The platform has many advantages, thanks to which it has gained high popularity among a wide audience and confidently remains in the top three among cloud service providers.

Google Cloud Platform (GCP) | Google Cloud Marketplace


Advantages that have ensured its success:

  • Rich functionality. The system offers a host of services and ready-to-deploy solutions from a number of categories. For example, Google Cloud Marketplace gives users the ability to connect, deploy, and manage GCP-integrated third-party applications.
  • Access to innovation. The company quickly implements innovative tools and technologies: artificial intelligence and machine learning algorithms, large language models, and more.
  • Detailed documentation. A solid knowledge base is one of Google Cloud's greatest strengths. Each section contains a theoretical and practical part. This way, users can get the most complete information about the selected function or service.
  • Economical. The price-to-functionality ratio of GCP products is considered one of the best on the market. Users pay only for the services they need using the pay-as-you-go model. Their final cost is determined by the power, load, and amount of data they require.

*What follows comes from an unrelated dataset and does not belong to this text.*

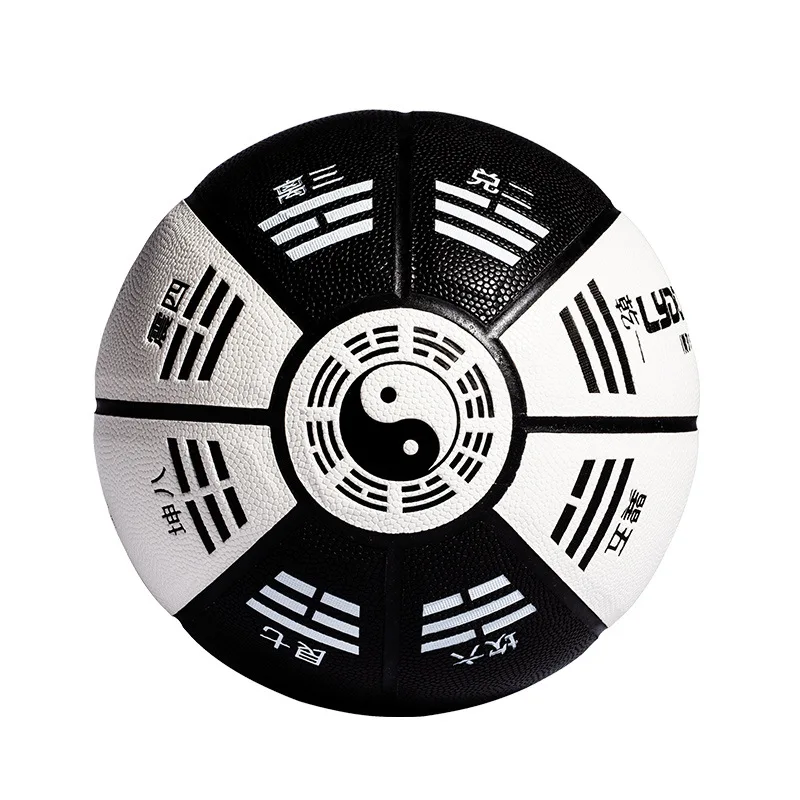 الحجم الرسمي 7 كرة السلة العنصر الصيني التقليدي PU داخلي وخارجي المنافسة التدريب كرة السلة هدية عيد الميلاد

However, Google Cloud services are not without certain disadvantages. The cons include:

  • Difficulty of implementation. Deploying digital infrastructure in a GCP cloud computing environment requires highly qualified specialists and considerable experience.
  • Lagging behind competitors. GCP appeared on the market later than its main competitors (AWS and Azure) and to this day lags a little behind them. For example, it offers only more than 100 services, while AWS and Azure already have over 200.
  • Internet addiction. The performance of most platform resources directly depends on the quality of the internet connection. Their stable operation is difficult to achieve in regions with unreliable network access.
  • Binding to the supplier. Some Google Cloud users may have difficulty integrating systems and solutions. In addition, there are sometimes problems with the migration of third-party applications and other digital resources.

Areas of Application

The global infrastructure of the platform covers not only GCP services but also other products of the corporation, including Google Search, Gmail, and many others. The functionality and integration of system elements with each other and with external software make them in demand among millions of individual users and companies around the world.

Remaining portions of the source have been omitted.